--- RECORDS FOR THE TASK Enclosed Below ---

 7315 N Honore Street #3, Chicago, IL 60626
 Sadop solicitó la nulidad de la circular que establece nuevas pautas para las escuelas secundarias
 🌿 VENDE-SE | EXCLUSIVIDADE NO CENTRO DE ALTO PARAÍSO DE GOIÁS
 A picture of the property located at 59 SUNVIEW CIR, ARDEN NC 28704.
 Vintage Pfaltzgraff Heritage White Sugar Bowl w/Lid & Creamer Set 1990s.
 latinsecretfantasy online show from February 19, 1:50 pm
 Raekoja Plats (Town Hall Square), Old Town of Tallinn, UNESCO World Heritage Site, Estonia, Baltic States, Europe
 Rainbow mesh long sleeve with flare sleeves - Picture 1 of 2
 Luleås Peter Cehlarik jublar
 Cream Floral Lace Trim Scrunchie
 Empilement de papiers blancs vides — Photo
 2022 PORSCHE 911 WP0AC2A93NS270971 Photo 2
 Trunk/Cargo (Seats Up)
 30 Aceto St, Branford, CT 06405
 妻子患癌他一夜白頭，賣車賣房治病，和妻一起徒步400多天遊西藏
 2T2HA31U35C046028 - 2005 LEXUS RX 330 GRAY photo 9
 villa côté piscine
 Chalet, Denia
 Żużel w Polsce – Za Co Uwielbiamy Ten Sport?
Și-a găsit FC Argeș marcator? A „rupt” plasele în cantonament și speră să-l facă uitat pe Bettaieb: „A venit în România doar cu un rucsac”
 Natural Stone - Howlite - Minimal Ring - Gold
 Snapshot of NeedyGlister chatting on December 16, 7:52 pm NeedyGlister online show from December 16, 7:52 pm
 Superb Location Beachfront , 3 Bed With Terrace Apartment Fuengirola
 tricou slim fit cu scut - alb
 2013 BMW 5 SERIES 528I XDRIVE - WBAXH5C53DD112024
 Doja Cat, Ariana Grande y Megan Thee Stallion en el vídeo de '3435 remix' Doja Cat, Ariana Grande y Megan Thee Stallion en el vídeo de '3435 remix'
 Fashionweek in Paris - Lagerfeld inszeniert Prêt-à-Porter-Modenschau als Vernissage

--- End of Enclosed RECORDS FOR THE TASK ---

— TASK DESCRIPTION —
Within the listing above, extract exactly the lines from the line with "30 Aceto St, Branford, CT 06405" to the line with "2013 BMW 5 SERIES", the two named lines included, and no others.

— TASK RESPONSE —
 30 Aceto St, Branford, CT 06405
 妻子患癌他一夜白頭，賣車賣房治病，和妻一起徒步400多天遊西藏
 2T2HA31U35C046028 - 2005 LEXUS RX 330 GRAY photo 9
 villa côté piscine
 Chalet, Denia
 Żużel w Polsce – Za Co Uwielbiamy Ten Sport?
Și-a găsit FC Argeș marcator? A „rupt” plasele în cantonament și speră să-l facă uitat pe Bettaieb: „A venit în România doar cu un rucsac”
 Natural Stone - Howlite - Minimal Ring - Gold
 Snapshot of NeedyGlister chatting on December 16, 7:52 pm NeedyGlister online show from December 16, 7:52 pm
 Superb Location Beachfront , 3 Bed With Terrace Apartment Fuengirola
 tricou slim fit cu scut - alb
 2013 BMW 5 SERIES 528I XDRIVE - WBAXH5C53DD112024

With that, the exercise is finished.